Take the line with "Arkyve ARKYVE KNIT BEANIE SUN/MOON" and the rest of the lines after it, to the end of the entries, and restate them exactly.

─── INPUT MATERIAL

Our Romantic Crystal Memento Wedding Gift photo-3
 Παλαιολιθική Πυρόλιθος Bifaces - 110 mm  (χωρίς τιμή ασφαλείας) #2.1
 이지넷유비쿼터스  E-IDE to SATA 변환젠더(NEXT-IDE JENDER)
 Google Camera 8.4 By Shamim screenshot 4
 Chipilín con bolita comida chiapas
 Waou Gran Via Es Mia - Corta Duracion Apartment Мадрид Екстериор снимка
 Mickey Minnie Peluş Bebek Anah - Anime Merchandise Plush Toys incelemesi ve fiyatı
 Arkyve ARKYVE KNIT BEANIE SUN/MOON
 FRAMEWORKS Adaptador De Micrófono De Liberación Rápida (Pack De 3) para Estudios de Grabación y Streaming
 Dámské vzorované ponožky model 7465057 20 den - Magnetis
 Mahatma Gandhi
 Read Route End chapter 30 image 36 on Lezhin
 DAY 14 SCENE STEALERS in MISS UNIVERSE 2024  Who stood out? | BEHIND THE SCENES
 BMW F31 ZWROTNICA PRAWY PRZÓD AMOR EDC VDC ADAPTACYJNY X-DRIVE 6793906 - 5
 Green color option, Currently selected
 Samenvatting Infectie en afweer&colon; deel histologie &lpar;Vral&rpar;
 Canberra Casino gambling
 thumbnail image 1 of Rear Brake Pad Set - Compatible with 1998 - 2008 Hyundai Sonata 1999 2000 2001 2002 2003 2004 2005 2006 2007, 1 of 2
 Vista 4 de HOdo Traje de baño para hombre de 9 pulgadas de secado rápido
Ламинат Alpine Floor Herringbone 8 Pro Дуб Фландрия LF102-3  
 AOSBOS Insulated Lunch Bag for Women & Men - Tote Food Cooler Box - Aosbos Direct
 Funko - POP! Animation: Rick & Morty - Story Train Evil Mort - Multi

──────

THE COMPLETED TASK:
 Arkyve ARKYVE KNIT BEANIE SUN/MOON
 FRAMEWORKS Adaptador De Micrófono De Liberación Rápida (Pack De 3) para Estudios de Grabación y Streaming
 Dámské vzorované ponožky model 7465057 20 den - Magnetis
 Mahatma Gandhi
 Read Route End chapter 30 image 36 on Lezhin
 DAY 14 SCENE STEALERS in MISS UNIVERSE 2024  Who stood out? | BEHIND THE SCENES
 BMW F31 ZWROTNICA PRAWY PRZÓD AMOR EDC VDC ADAPTACYJNY X-DRIVE 6793906 - 5
 Green color option, Currently selected
 Samenvatting Infectie en afweer&colon; deel histologie &lpar;Vral&rpar;
 Canberra Casino gambling
 thumbnail image 1 of Rear Brake Pad Set - Compatible with 1998 - 2008 Hyundai Sonata 1999 2000 2001 2002 2003 2004 2005 2006 2007, 1 of 2
 Vista 4 de HOdo Traje de baño para hombre de 9 pulgadas de secado rápido
Ламинат Alpine Floor Herringbone 8 Pro Дуб Фландрия LF102-3  
 AOSBOS Insulated Lunch Bag for Women & Men - Tote Food Cooler Box - Aosbos Direct
 Funko - POP! Animation: Rick & Morty - Story Train Evil Mort - Multi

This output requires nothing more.